A problem with any DIY speaker is you can't hear it how it sounds until you completed it, unless someone built it and showed to you.

In my opinion, if you put more of this midbasses to your speaker, they won't give the kick-feel more, just they would be louder. Of course this is similar to the kick-feel, but not the same.
 
Hi! yeah, according to datasheet the Gradient W130AL-8 woofer has cone area of 85cm2, xmax 2.6mm. This is 10x less surface area than average 15" driver has, while xmax is about third of typical 15" woofer.

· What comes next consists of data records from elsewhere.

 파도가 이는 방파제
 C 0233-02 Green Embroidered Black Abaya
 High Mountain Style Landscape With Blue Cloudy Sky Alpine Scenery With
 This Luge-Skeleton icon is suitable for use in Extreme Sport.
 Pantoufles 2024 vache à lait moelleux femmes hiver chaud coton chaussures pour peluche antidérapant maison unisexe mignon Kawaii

From experience 12" woofers start to kick in home use, while 15" seems better, I'd say try equal one 15" driver volume displacement for proper kick. With maths from above you need 30 of those drivers, per side ;) perhaps less is fine, this is just to illustrate scale, kick and bass is about volume displacement.
 
And what about room acoustics or the match between main speakers and sub? For all I know you could have a deep null at 80-100Hz at your listening position, either due to standing waves or to phase mismatch between the systems. Both are very likely. Is this range (80-100Hz) missing everywhere in your room?
 
If you go for subwoofer and have main speakers you can do alot with placing.

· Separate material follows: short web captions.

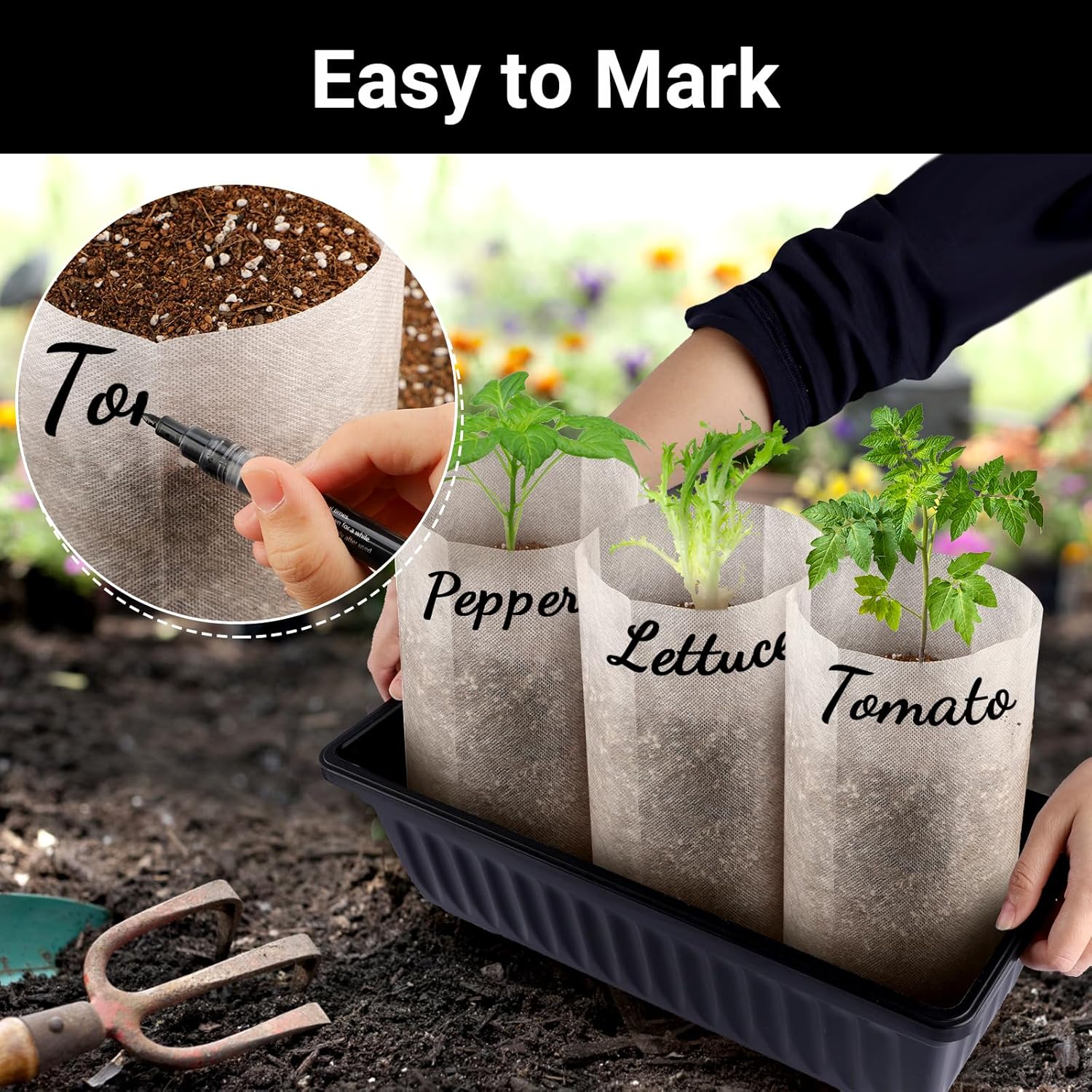 

100 штук Биоразлагаемые нетканые мешки для выращивания рассады 9*11cm 100pcs белый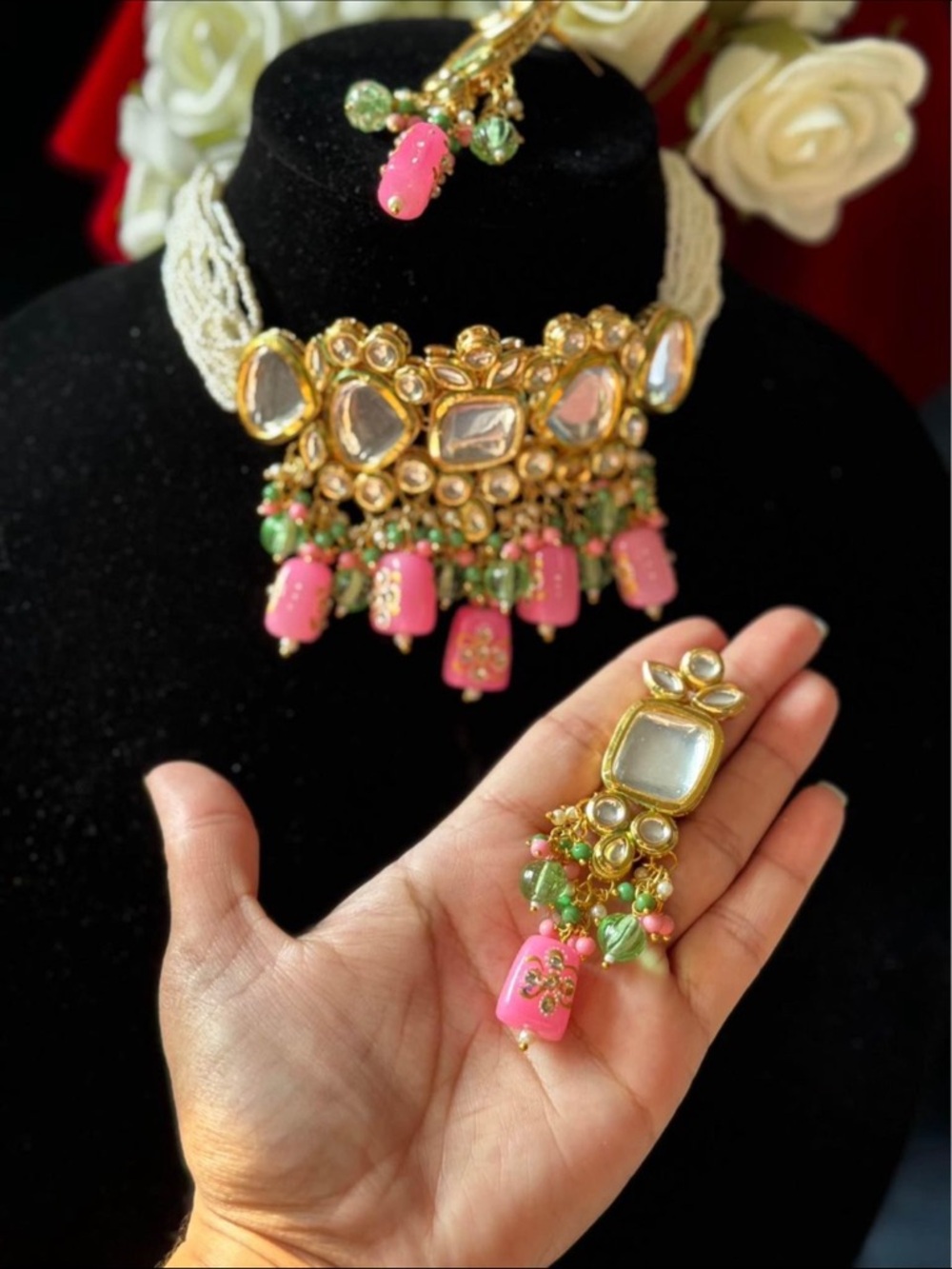 ✨Brand new Handcrafted Pink and Green Kundan Choker Necklace with Earrings ✨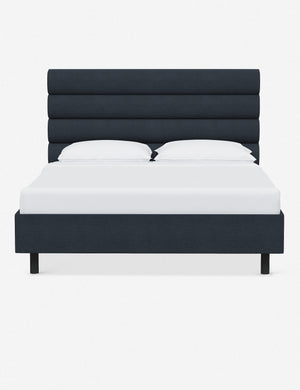 Bailee Navy Linen platform bed with a horizontal tufted headboard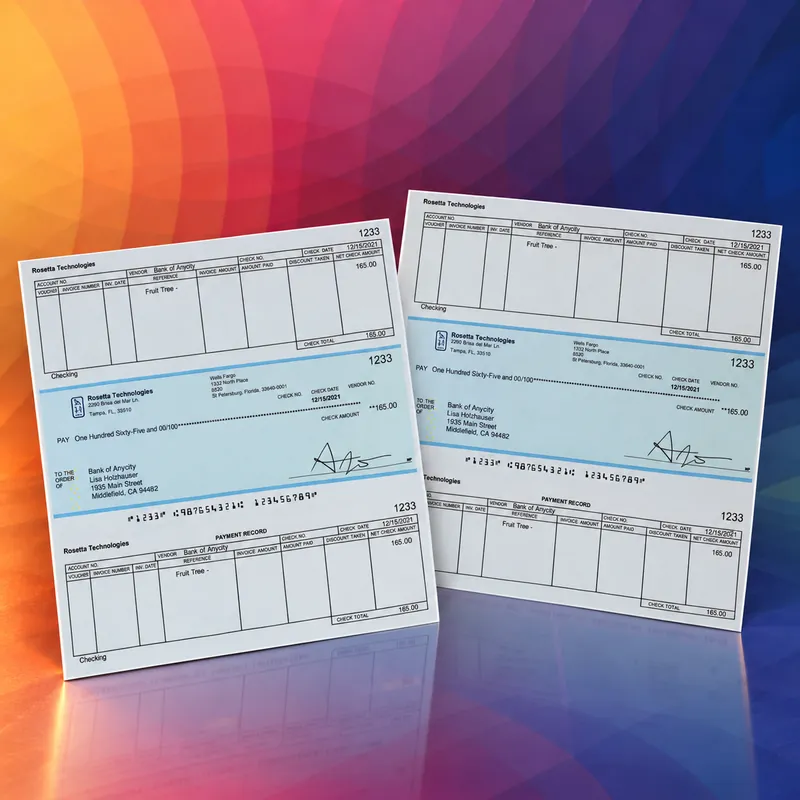 Two printed color voucher checks on Rosetta Technologies' brand art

Subwoofer profits +10db from corner placement. You get sound pressure for free. Can even be reinforced putting the driver faced to the corner leaving some cm at the sides with a plate of wood on it.

Crossing over I recommend 80 Hertz as you do not want to have problems with imaging. 80 Hertz was the frequency where I never experienced that the main speakers (satellites) change their sonic integrity. Cutting higher can be more difficult because you have to take care to adjust the phasing more precise.

You can measure the response and adjust with some EQ everything. (smartfone eq apps can be used)
 
The suggestion for a higher crossover point with two (stereo) subwoofers is to answer the quest of the OP.
He's already crossing at 80 Hz and it's not bringing him what he wants.
The subwoofers can move the air required for that kind of sensation. Place them close (enough) to the mains for best results.
Most active subwoofers can also do some phase manipulation.

Best scenario: use everything you've got and EQ the subs plus mains at these lower frequencies for optimum results. Measurement equipment and some time to learn the ropes required, the rewards are huge. Placement can help, but also look at how each woofer can contribute to the result, especially if there's something like floor bounce from main speakers, the subs might be used to level it out, fill that gap etc. Lots of work, big rewards. If you keep the bass Stereo and get it right you'll even be able to get a feel of envelopment from these lower notes.